Description of the task: Set down exactly the lines below, starting at the one that contains "Close-up of a" and ending at the one that contains "man sitting in", with both of those lines included and nothing else.

Supplied records:
##########
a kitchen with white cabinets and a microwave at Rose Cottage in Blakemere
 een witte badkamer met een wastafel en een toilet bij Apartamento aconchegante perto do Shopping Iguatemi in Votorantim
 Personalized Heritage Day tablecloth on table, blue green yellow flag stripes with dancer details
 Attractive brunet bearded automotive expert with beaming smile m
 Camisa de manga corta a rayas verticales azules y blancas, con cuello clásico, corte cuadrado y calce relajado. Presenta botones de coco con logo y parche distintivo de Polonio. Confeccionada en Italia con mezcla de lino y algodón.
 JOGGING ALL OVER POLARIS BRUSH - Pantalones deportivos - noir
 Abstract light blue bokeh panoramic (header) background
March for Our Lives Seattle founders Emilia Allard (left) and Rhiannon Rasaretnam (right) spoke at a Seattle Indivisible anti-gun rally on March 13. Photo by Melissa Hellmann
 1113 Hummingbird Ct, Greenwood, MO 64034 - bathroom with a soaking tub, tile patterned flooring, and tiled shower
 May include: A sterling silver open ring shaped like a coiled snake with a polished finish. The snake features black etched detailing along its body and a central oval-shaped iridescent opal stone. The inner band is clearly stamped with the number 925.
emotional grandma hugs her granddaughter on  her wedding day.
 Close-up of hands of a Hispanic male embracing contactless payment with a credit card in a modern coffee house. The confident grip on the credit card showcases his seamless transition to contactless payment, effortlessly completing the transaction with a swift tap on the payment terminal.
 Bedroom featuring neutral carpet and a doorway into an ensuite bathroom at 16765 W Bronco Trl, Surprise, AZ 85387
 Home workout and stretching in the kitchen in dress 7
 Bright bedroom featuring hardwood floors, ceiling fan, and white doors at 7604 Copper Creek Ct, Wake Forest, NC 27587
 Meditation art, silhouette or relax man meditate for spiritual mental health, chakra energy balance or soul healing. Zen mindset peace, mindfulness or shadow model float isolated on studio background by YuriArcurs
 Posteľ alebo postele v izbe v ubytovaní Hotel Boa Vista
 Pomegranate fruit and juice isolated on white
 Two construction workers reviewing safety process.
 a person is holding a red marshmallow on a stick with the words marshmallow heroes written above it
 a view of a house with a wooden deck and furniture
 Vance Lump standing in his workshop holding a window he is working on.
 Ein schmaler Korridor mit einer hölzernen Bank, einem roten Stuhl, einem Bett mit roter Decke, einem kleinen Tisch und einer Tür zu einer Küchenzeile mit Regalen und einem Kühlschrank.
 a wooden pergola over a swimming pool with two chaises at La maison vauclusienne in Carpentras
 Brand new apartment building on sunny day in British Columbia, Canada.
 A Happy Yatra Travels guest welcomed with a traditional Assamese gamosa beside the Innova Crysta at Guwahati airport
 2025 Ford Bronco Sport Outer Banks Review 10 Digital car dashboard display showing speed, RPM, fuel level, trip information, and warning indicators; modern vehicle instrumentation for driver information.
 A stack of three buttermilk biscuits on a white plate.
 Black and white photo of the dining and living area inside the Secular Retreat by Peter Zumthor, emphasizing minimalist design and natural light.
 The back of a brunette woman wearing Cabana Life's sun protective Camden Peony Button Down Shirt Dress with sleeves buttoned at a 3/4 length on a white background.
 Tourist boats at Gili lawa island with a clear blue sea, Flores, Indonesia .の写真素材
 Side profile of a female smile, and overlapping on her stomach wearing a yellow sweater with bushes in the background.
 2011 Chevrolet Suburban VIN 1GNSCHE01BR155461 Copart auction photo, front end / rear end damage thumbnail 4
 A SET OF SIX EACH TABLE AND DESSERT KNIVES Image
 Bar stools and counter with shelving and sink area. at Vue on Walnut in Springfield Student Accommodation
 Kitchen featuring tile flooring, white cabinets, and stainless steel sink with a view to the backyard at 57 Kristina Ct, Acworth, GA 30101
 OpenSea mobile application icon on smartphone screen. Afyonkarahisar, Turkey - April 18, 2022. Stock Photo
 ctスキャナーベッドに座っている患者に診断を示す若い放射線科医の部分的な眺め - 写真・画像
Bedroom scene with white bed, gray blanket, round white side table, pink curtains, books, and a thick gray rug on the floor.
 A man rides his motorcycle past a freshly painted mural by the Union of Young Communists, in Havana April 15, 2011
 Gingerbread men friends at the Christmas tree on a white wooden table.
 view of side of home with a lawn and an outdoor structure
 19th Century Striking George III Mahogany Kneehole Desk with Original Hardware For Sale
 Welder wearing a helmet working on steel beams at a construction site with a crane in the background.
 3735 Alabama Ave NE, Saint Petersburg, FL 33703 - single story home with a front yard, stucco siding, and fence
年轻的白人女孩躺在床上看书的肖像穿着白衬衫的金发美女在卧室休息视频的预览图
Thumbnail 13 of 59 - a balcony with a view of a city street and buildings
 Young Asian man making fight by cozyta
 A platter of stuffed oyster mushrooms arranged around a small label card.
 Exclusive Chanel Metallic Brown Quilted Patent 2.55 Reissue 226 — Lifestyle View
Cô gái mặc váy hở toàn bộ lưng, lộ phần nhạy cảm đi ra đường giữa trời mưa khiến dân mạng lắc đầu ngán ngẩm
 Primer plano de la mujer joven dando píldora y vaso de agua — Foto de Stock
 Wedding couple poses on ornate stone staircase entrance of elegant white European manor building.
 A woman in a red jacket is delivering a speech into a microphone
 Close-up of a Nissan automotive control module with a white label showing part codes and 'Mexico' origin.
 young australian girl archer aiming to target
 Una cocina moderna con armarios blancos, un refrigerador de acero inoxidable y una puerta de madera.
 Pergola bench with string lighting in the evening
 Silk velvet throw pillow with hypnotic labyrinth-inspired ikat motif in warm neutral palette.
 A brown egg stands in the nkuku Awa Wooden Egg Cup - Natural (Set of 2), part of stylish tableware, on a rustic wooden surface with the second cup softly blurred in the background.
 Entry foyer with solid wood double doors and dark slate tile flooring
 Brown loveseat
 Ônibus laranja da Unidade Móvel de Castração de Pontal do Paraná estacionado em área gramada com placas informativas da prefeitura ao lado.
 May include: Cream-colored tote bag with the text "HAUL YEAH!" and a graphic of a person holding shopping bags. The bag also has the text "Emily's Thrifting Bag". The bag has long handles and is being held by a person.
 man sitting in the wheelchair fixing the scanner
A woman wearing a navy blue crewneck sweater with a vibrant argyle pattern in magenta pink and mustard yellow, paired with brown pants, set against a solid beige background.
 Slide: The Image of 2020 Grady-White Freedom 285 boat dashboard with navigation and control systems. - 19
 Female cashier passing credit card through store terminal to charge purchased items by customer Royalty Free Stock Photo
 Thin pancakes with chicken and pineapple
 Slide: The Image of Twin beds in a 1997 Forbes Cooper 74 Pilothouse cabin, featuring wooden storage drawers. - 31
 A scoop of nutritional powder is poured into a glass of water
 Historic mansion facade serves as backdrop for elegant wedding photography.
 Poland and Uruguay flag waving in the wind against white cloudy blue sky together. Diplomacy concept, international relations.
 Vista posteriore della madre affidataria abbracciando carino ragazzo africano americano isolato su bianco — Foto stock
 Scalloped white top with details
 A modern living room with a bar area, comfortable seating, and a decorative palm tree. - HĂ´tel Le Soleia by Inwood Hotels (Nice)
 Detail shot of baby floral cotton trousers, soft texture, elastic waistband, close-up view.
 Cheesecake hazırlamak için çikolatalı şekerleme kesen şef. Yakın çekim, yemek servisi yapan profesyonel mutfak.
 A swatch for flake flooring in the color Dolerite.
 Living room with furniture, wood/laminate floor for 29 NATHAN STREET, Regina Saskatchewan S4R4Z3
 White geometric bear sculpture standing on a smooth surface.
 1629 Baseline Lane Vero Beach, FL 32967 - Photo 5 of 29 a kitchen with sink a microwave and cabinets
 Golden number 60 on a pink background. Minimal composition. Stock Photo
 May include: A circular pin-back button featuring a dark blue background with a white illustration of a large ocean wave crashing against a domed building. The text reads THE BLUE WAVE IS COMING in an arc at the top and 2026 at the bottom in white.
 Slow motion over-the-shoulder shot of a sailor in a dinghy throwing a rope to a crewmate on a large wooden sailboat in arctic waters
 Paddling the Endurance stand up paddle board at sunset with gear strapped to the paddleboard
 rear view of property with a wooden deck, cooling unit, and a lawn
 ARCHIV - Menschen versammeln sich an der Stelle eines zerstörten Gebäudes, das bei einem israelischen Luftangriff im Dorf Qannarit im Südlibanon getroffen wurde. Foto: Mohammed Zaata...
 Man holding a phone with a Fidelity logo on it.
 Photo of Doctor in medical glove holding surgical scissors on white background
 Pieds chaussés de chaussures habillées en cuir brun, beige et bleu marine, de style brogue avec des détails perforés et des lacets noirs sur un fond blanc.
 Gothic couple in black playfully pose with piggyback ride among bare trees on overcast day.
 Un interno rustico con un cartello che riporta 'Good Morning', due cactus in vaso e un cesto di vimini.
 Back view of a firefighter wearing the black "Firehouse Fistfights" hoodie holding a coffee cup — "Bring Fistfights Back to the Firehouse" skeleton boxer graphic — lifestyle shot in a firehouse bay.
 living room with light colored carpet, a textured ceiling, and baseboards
##########
Answer section:
 Close-up of a Nissan automotive control module with a white label showing part codes and 'Mexico' origin.
 young australian girl archer aiming to target
 Una cocina moderna con armarios blancos, un refrigerador de acero inoxidable y una puerta de madera.
 Pergola bench with string lighting in the evening
 Silk velvet throw pillow with hypnotic labyrinth-inspired ikat motif in warm neutral palette.
 A brown egg stands in the nkuku Awa Wooden Egg Cup - Natural (Set of 2), part of stylish tableware, on a rustic wooden surface with the second cup softly blurred in the background.
 Entry foyer with solid wood double doors and dark slate tile flooring
 Brown loveseat
 Ônibus laranja da Unidade Móvel de Castração de Pontal do Paraná estacionado em área gramada com placas informativas da prefeitura ao lado.
 May include: Cream-colored tote bag with the text "HAUL YEAH!" and a graphic of a person holding shopping bags. The bag also has the text "Emily's Thrifting Bag". The bag has long handles and is being held by a person.
 man sitting in the wheelchair fixing the scanner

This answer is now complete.